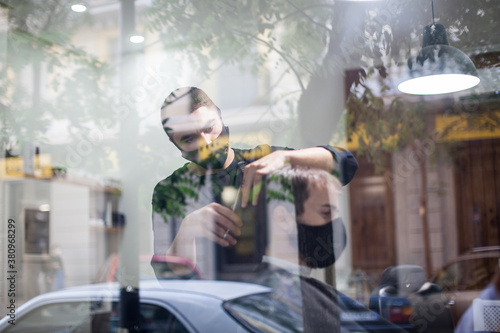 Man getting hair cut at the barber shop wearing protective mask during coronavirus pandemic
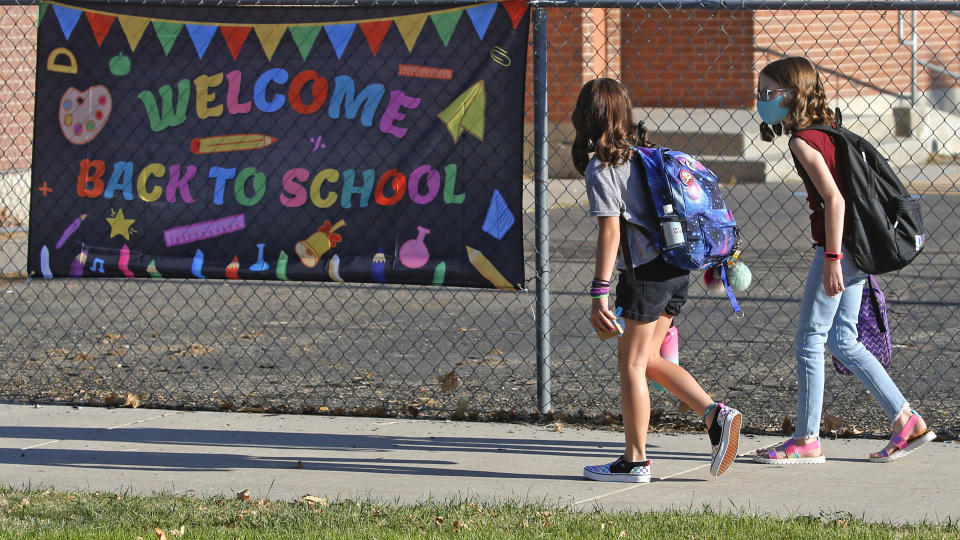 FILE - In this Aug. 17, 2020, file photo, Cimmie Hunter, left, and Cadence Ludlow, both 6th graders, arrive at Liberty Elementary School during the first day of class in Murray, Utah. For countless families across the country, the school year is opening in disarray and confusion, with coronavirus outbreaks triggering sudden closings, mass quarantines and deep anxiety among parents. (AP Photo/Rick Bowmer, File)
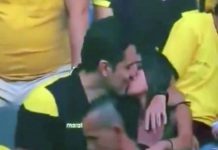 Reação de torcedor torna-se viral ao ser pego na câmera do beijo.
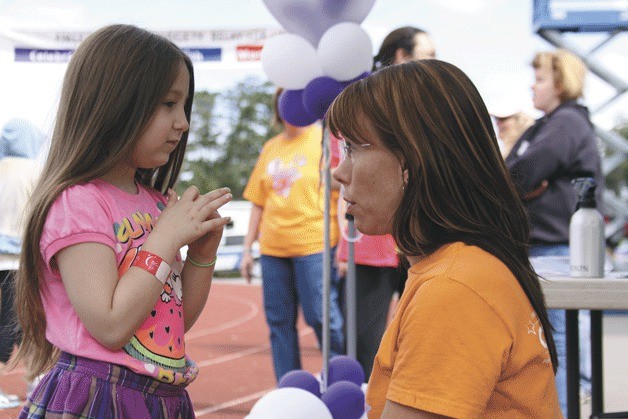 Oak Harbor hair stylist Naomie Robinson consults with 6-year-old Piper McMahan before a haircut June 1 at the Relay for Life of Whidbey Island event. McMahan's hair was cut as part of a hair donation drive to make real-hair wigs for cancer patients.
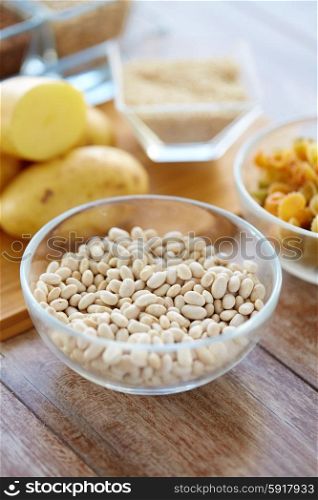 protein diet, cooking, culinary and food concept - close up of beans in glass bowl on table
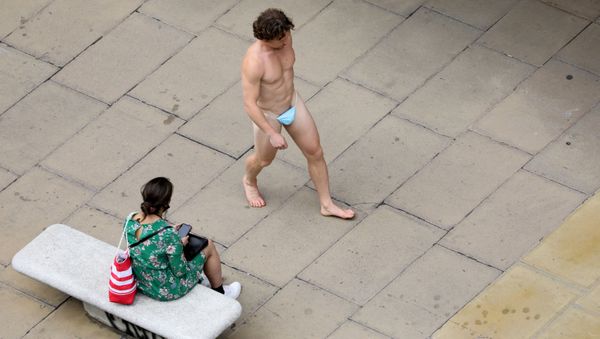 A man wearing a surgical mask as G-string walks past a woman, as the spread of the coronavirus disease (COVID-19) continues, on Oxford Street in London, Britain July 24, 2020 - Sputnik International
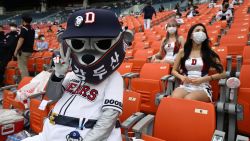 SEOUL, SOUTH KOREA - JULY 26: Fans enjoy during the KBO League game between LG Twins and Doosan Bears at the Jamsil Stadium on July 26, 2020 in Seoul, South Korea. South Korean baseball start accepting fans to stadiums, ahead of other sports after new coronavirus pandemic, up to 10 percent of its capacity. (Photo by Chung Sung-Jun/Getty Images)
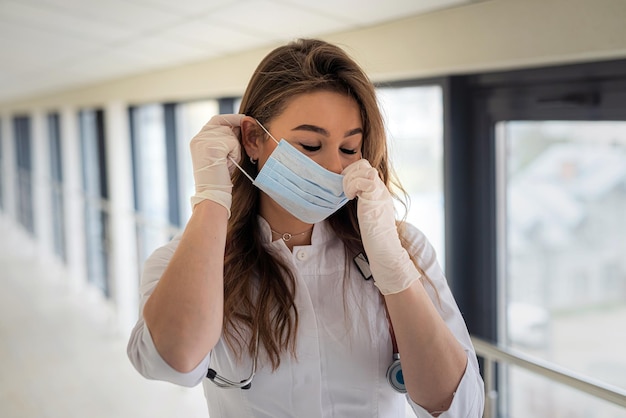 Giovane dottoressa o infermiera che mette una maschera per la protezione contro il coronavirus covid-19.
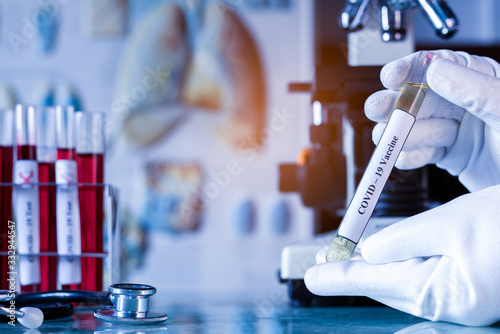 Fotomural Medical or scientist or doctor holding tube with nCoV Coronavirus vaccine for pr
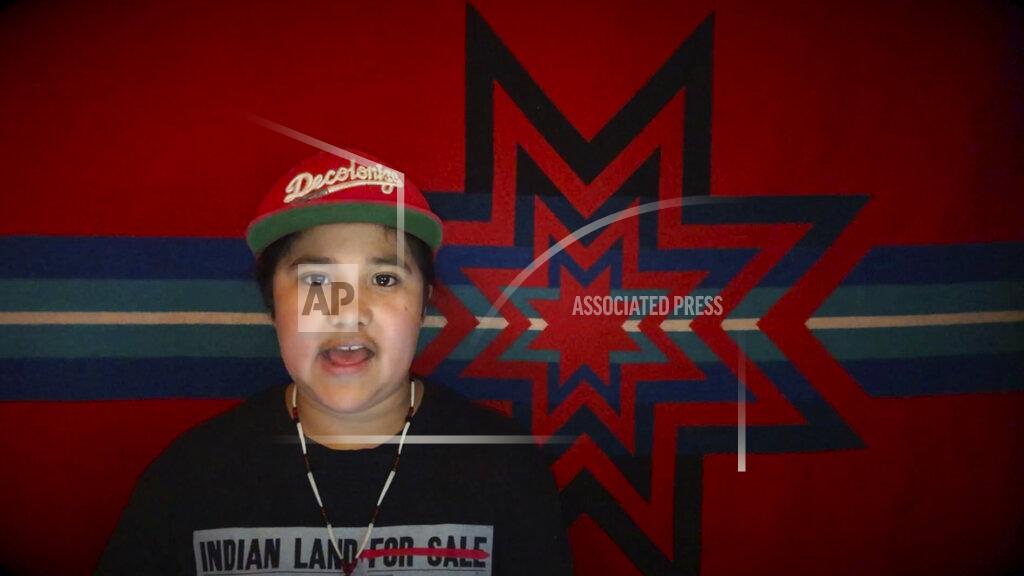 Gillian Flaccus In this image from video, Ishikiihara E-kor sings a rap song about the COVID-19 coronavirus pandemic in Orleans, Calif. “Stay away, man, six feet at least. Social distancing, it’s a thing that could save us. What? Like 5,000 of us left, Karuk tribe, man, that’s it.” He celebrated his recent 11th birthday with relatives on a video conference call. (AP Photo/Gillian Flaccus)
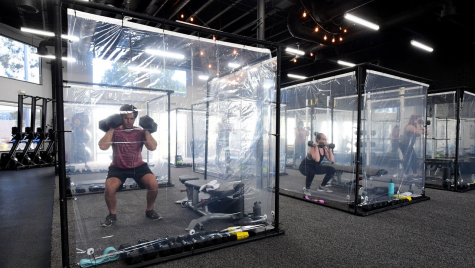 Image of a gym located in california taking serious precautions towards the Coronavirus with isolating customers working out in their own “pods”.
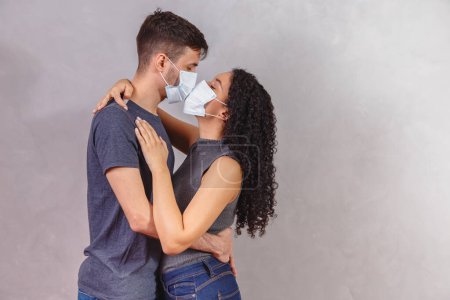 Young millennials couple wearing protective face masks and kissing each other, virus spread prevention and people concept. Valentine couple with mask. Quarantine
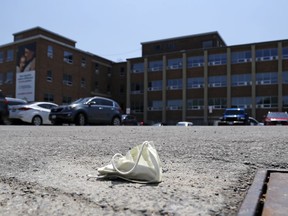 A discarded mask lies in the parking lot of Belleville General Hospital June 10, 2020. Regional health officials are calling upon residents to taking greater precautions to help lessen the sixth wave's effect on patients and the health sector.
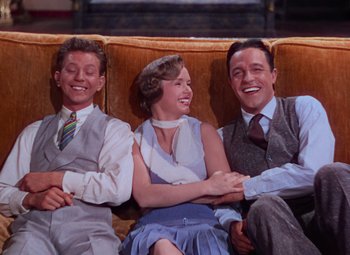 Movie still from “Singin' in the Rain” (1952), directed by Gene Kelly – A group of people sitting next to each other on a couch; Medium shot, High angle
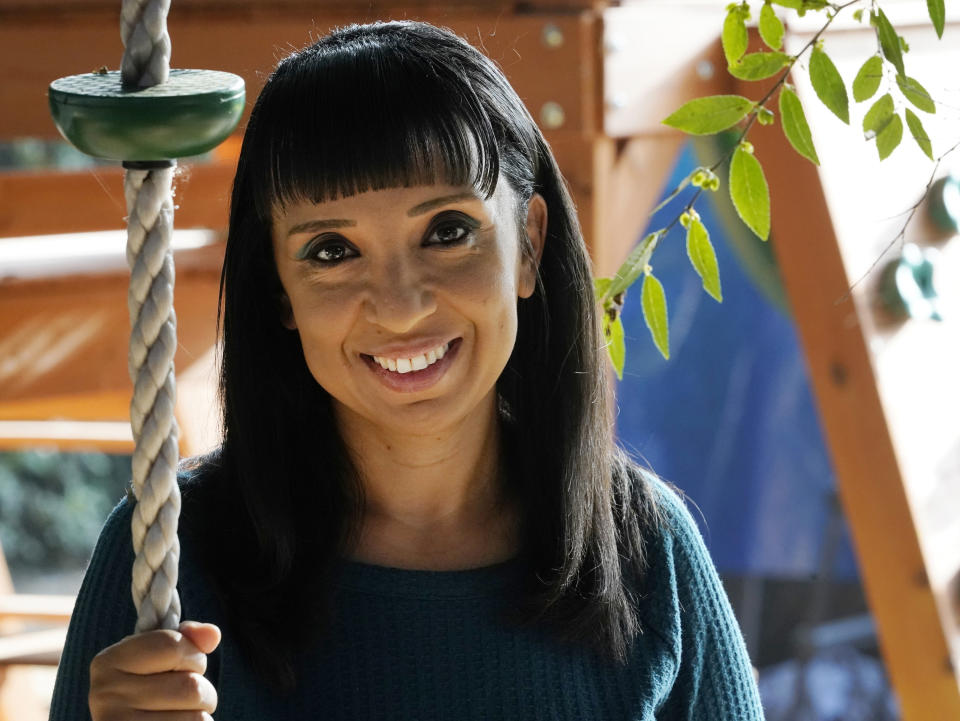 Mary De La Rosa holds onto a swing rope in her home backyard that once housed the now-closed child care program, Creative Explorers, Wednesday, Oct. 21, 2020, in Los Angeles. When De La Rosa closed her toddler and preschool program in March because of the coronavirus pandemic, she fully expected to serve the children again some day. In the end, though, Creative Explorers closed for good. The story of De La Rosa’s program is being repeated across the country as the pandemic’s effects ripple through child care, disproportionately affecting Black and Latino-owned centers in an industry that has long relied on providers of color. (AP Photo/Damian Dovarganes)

------------------------------------------------

### [AIM OF THE TASK]
Precisely those lines above that run from the line with "FILE - In this" up to and including the line with "Reação de torcedor" are to be set down, with the pictures omitted.

### [OUTPUT FOR THIS EXERCISE]
 FILE - In this Aug. 17, 2020, file photo, Cimmie Hunter, left, and Cadence Ludlow, both 6th graders, arrive at Liberty Elementary School during the first day of class in Murray, Utah. For countless families across the country, the school year is opening in disarray and confusion, with coronavirus outbreaks triggering sudden closings, mass quarantines and deep anxiety among parents. (AP Photo/Rick Bowmer, File)
 Reação de torcedor torna-se viral ao ser pego na câmera do beijo.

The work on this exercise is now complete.